水無月の十 / 幼稚園参観日
●6月某日: 先週のクラス懇談会に続いて今日は参観日。送ってきたその足から参観してよい。
登園すると子どもたちはまず自由遊びの時間なのだが、年長さんには「係の仕事」というのがある。前年度の年長さんから3月に引き継いだもので、4,5人のグループごとに日替わりで、外遊びのための「ままごと(フライパンや器などなどを入れたボックス)」「くるま(手押し車)」を出したり、遊具に鎖(のぼるための)をかけたり、雑巾がけをしたりする。そういったあらましは子どもから聞いたりクラスだよりで読んだりしてたけど、やはり実際に見ると全然違った感慨があるもんである。
まず、係の仕事が始まるまでが、長い(笑)。園バスでなく親が送り迎えするうちの園では、登園時間にばらつきがある。仕事は全員そろってから始めることになっているのだが、グループ1人目から最後(4,5人目)の子が登園するまでには20分くらいの時間差があったり。すると、待っている間に仕事へのモチベーションが下がったり、遊びながら待ってる間に遊びのほうが面白くなったり。原則、先生は子どもたちの自主性を重んじているので、「かかりするよー」「○○グループ、かかりやらんと?」など子どもたち自身が声をかけあうのを待っている。
やっと仕事が始まっても、たとえば倉庫から「ままごと」を運ぶ、というだけでも、子どもたちが協力してやるのは難しかったりするのだ。重かったり、数が多かったり、機嫌を損ねて或いは集中力が途切れて途中でやめちゃったり、ケンカになったり…。この日は、お母さんたちが見ているからか、やり始めたらけっこう真面目にやってる子どもたちだったが(笑)。年少さん、年中さんが気ままに思いきり遊んでいる中、その子たちの遊び道具でもままごとや車を出したり、掃除をしたりしてる年長児はなかなか頼もしくかっこよく見えるのだった。
サクの「すずめのてっぽうグループ(グループ名は子どもたち自身が考えたもの。今回は「草花名シリーズ」)は、今日は教室前の簀の子の雑巾がけだった。友だちと2人並んで、たったった、と長い簀子を一直線に、裸足の足の指を立ててなかなか上手に進んでいく。かわゆい。雑巾が汚れたら洗う。何度か繰り返して、年長、年中、年少とすべてのクラスの簀子を拭きあげ、終わるとグループ全員で集まって、担任の先生に報告に行く。「○○グループ、○○のかかり、おわりました」と声を合わせて言うんだけど、形式的なものに終わらず、先生との語り合いになってる。

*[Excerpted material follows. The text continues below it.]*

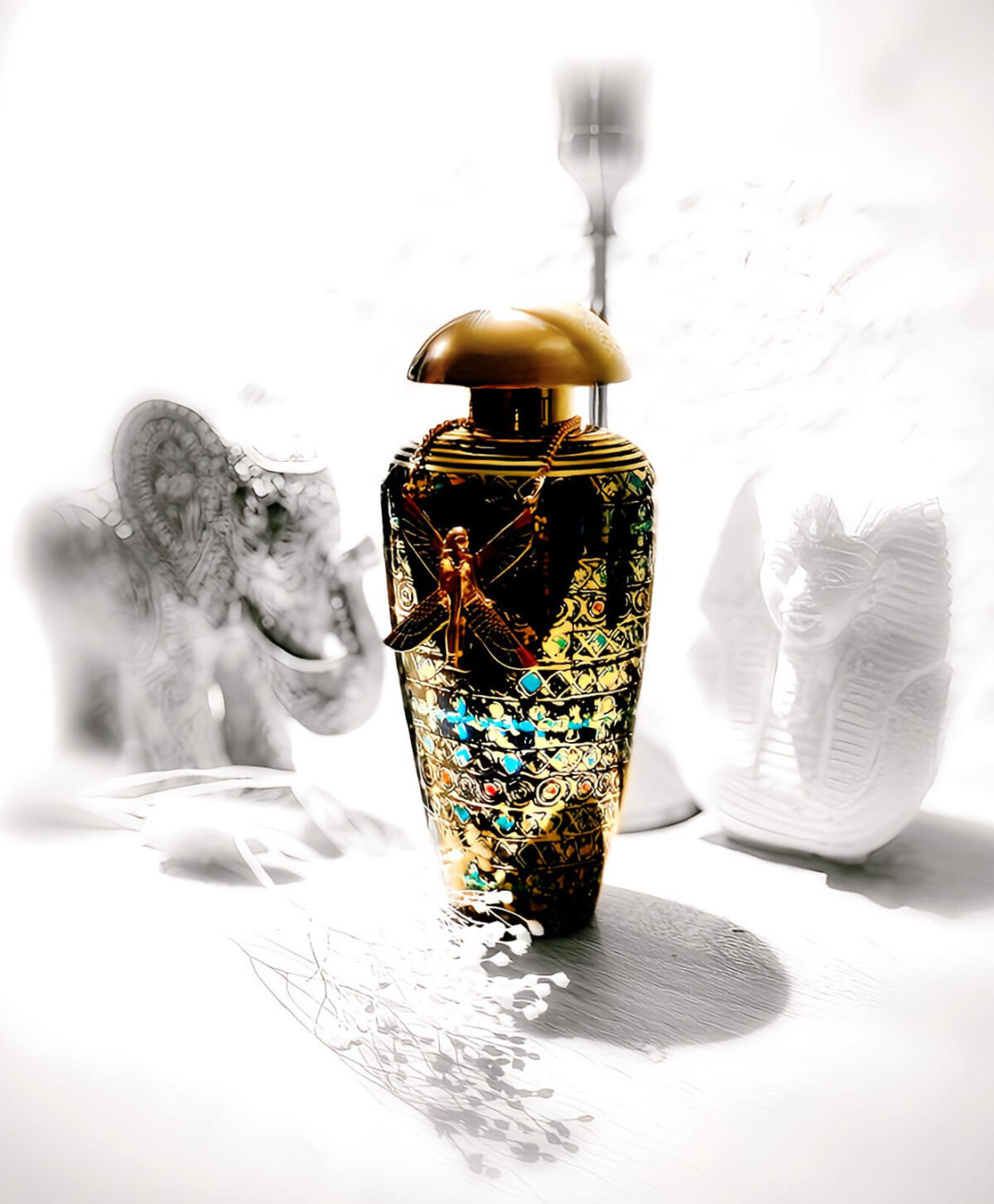 عطر ادکلن کوئین آو د نایت د مرچنت آو ونیس - Queen of The Night The Merchant of Venice - بررسی، قیمت و خرید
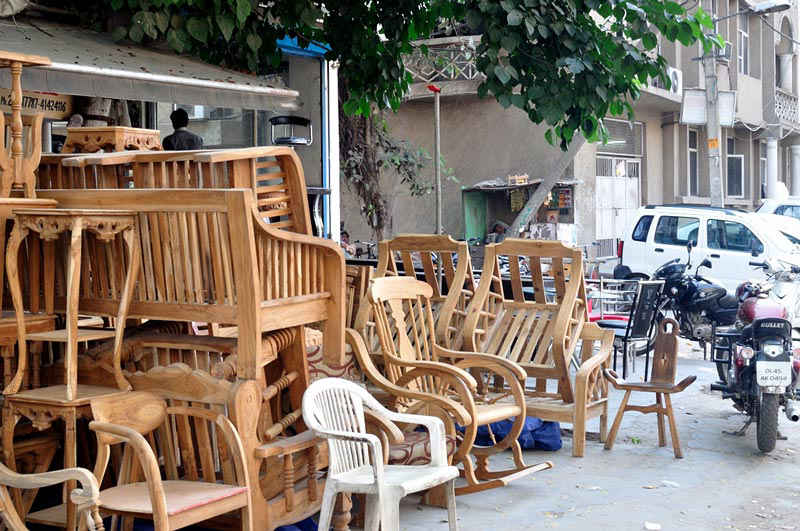 10 Best Furniture Markets In Delhi That'll Make Your Furniture Hunt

さてクラスの部屋に集まってからの参観もいろいろ面白く。「リズム」と呼ばれている、ピアノ伴奏に合わせての広義の体操みたいなものも、年長になってより高度な動きをやるようになってた。
2人組になって1人がうつぶせになり頭の上に伸ばした両腕をもう1人が引っ張って部屋を動く、という「こいのぼり」がバカうけ。これ、引っ張られるほうが「力を抜く」のがポイントで、「力を入れる」のと同様、「力を抜く」ことの大切さを園ではたびたび言われる。電子音や刺激にあふれた生活様式もあり、現代の子どもは特に「過緊張」の傾向が多いらしい。でね、力を抜くと、顔からも魂が抜けるのね、その子どもたちの顔がおっかしくてw
歌は「どろんこと太陽」「きかんしゃ」「たけのこ」歌も年長になると詞や音程が難しくて大人でも何回か聞いただけでは覚えられないくらい。それにしても「どろんこと太陽」っていいタイトルね!
絵本の読み聞かせの様子も、うれしい驚きだった。
息子は年長クラス。先生の読み聞かせは「いやいやえん」だった。最近、一章ずつ読んでもらっているらしい。「昨日の続きからね / 続きはまた明日ね」ってのができるようになってるのだ! 感動。物語の世界が広がるやん!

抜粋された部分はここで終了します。